Driving any highway or back road, you can barely miss a Toyota. The brand is an automaker’s version of the six degrees of separation. Wherever you turn, you see one, or you know someone who has one or know someone who knows someone who drives a Toyota. Quality was the axis of its brand. I had a Camry a few years ago; loved it and wish I got another after wrapping my front end around the rear of an F-150 (even the best-made car won’t hold up to a monster truck).
Expectations were high when word got out that Toyota had a problem. Surely, a company that built a brand and a massive following of consumers into the world-leading automaker would do the right thing: Aggressively address the issue head-on, right its wrong, profess mea culpa and produce a solution.
And that’s precisely what Toyota did this week. Problem is, Toyota’s crisis began to unfold last fall, and when the automaker unfurled its media-mix campaign this week, including plopping U.S. honcho Jim Lentz in network studios, critics attacked – and rightly so.
Toyota succumbed to the growing media and governmental pressure too late. The automaker, and this isn’t backseat driving, knew well enough and long ago it had a problem that would only get worse. Instead of being proactive, Toyota chose to stick its head in the sand. That right there can tarnish any brand.
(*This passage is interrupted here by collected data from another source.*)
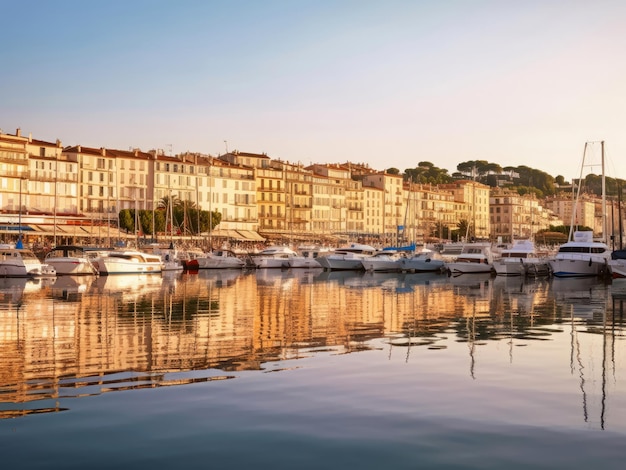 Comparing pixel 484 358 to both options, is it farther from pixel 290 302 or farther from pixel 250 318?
pixel 290 302

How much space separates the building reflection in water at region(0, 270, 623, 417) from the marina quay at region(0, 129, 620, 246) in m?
42.8

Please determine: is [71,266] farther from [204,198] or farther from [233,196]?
[233,196]

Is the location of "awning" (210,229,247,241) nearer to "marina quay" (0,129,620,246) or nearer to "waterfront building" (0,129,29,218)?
"marina quay" (0,129,620,246)

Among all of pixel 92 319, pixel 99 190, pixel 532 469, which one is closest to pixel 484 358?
pixel 532 469

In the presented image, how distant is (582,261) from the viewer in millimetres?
55750

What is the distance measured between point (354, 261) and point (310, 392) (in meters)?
60.2

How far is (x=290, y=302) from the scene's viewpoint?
104 feet

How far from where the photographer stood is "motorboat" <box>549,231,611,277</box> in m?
55.8

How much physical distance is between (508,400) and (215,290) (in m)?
29.7

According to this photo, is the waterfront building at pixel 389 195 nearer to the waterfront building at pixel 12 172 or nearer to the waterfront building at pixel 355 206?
the waterfront building at pixel 355 206

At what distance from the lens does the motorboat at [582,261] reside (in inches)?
2199

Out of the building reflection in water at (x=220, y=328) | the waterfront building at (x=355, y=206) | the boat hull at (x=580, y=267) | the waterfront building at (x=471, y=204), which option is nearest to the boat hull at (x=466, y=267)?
the boat hull at (x=580, y=267)

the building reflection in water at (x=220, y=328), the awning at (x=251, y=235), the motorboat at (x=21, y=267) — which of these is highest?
the awning at (x=251, y=235)

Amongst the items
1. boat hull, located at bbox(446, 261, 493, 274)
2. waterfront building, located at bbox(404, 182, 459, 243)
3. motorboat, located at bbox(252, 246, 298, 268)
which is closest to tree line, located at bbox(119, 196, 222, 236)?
motorboat, located at bbox(252, 246, 298, 268) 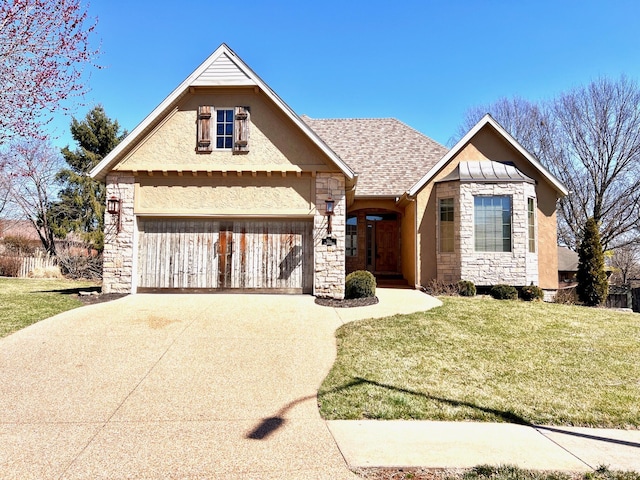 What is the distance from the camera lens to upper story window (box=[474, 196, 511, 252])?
13297mm

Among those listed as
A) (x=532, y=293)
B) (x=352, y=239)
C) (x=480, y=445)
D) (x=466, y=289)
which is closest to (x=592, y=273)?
(x=532, y=293)

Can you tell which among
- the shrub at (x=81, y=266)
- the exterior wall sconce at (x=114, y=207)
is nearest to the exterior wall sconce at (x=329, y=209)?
the exterior wall sconce at (x=114, y=207)

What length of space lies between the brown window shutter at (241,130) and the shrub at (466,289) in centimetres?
845

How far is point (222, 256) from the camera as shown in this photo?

The very premise of issue and crisis management is prevention – not just stopping the headlines or social media storm, but anticipating internal and external threats or vulnerabilities and shoring up those gaps at the operational level. It’s spending painstaking hours in the C-level suite agonizing over what gives the CEO insomnia and working with the senior management team on systems and protocols, and collaborating with industry, academia, vendors, suppliers and any other party in the supply chain. It’s putting procedures in place to minimize the likelihood of disruption in business.
The automaker had to have had a crisis plan in someone’s filing cabinet. Instead, millions of Toyotas are sitting idle in sales lots; even more consumers are now questioning the company’s mettle.